Ok, so the JavaScript is too obvious. I split it up into sections, and also write the wrong value into the form, and change it to the right one using a regular expression later (BWHAHAHAH). At the same time (and I suspect this is the important bit) I changed the names of the fields completely. Calling them ‘name’, ‘email’ and ‘comment’ is a bit of a giveaway, really. ‘foo’, ‘bar’ and ‘baz’ they are, then. Now it should be practically impossible for an automated tool to even figure out that I accept comments. Sure, you could probably think ‘hmm, two small input fields, and a textarea, on a page that has an RSS feed’, but I’m assuming that, for 90% of the blogs out there, this isn’t needed, so no-one does it.

And yes, I’ve received no blog spam comments since I did this. On the other hand, I’ve also received no normal comments either. Hope I haven’t raised the barrier too high. If the situation stays good, I may remove the client-side JavaScript requirement. Or figure out a noscript fall-back solution for people using lynx. Poor souls..

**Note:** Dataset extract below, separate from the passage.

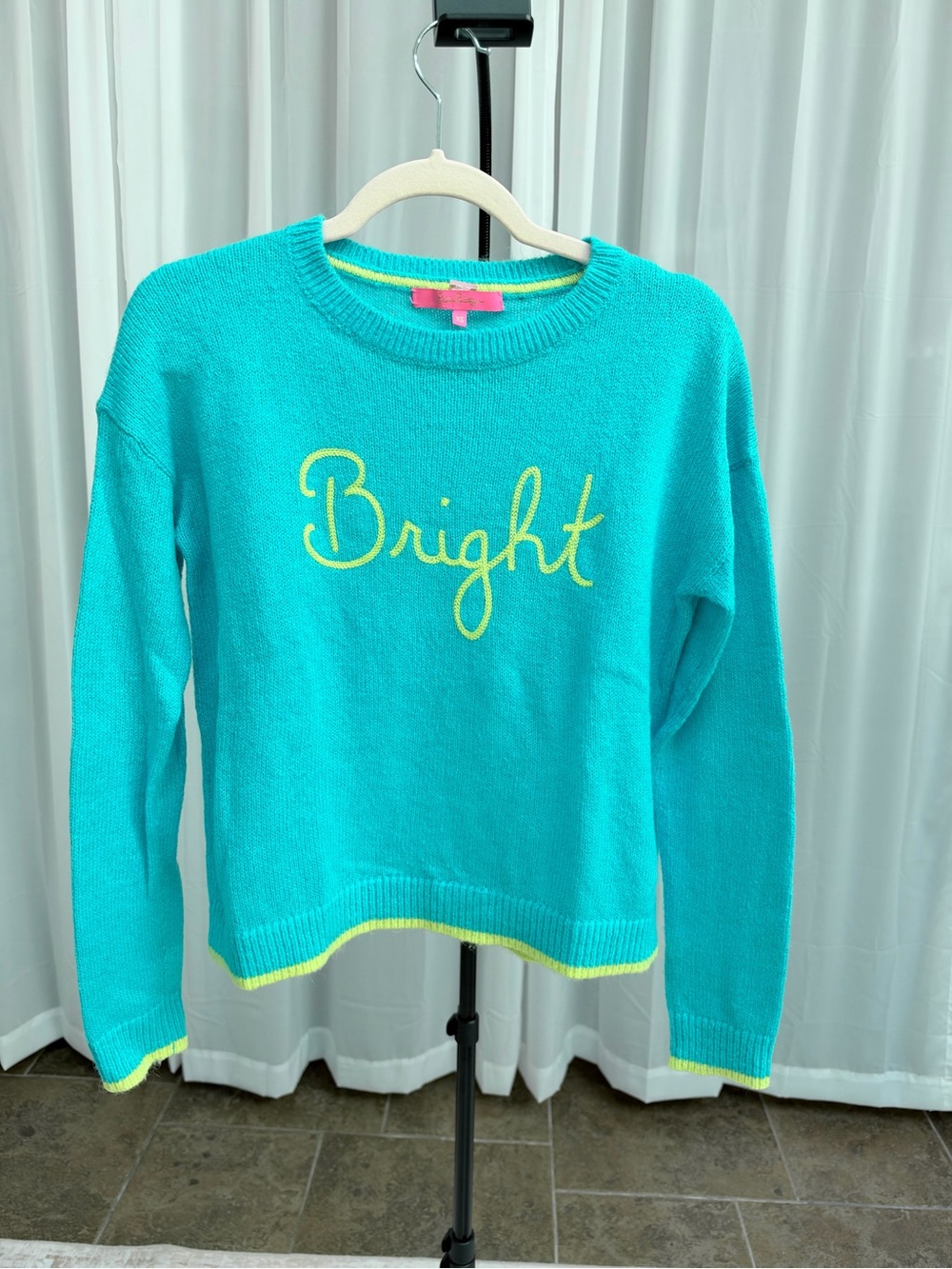 Lilly Pulitzer Charlton “Bright” Sweater Turquoise Oasis XS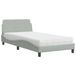 Dover Lit avec matelas velours gris clair 100x200 cm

More playing with JSON and Spidermonkey has revealed yet another incredibly annoying fact (I hate those guys). Spidermonkey provides a lovely uneval() function, that does the exact opposite of eval() - turns JS objects into strings. It works on almost everything, and make life very very nice. There’s also Object.toSource() which does something similar (but not the same - try uneval("") vs "".toSource()).

But the strings that uneval produce are not valid JSON, as I have been assuming. I’ve been getting steadily more worked up at all the JSON parsers in the world, refusing to parse things that are clearly valid JavaScript, and eventually I go look at the spec, which fails to list ' as a valid string delimiter. And guess what delimiter uneval produces? Yay. So all the parsers are fine, and it’s just SpiderMonkey that’s broken.

Fortunately, Mochikit provides a nice serializeJSON() function.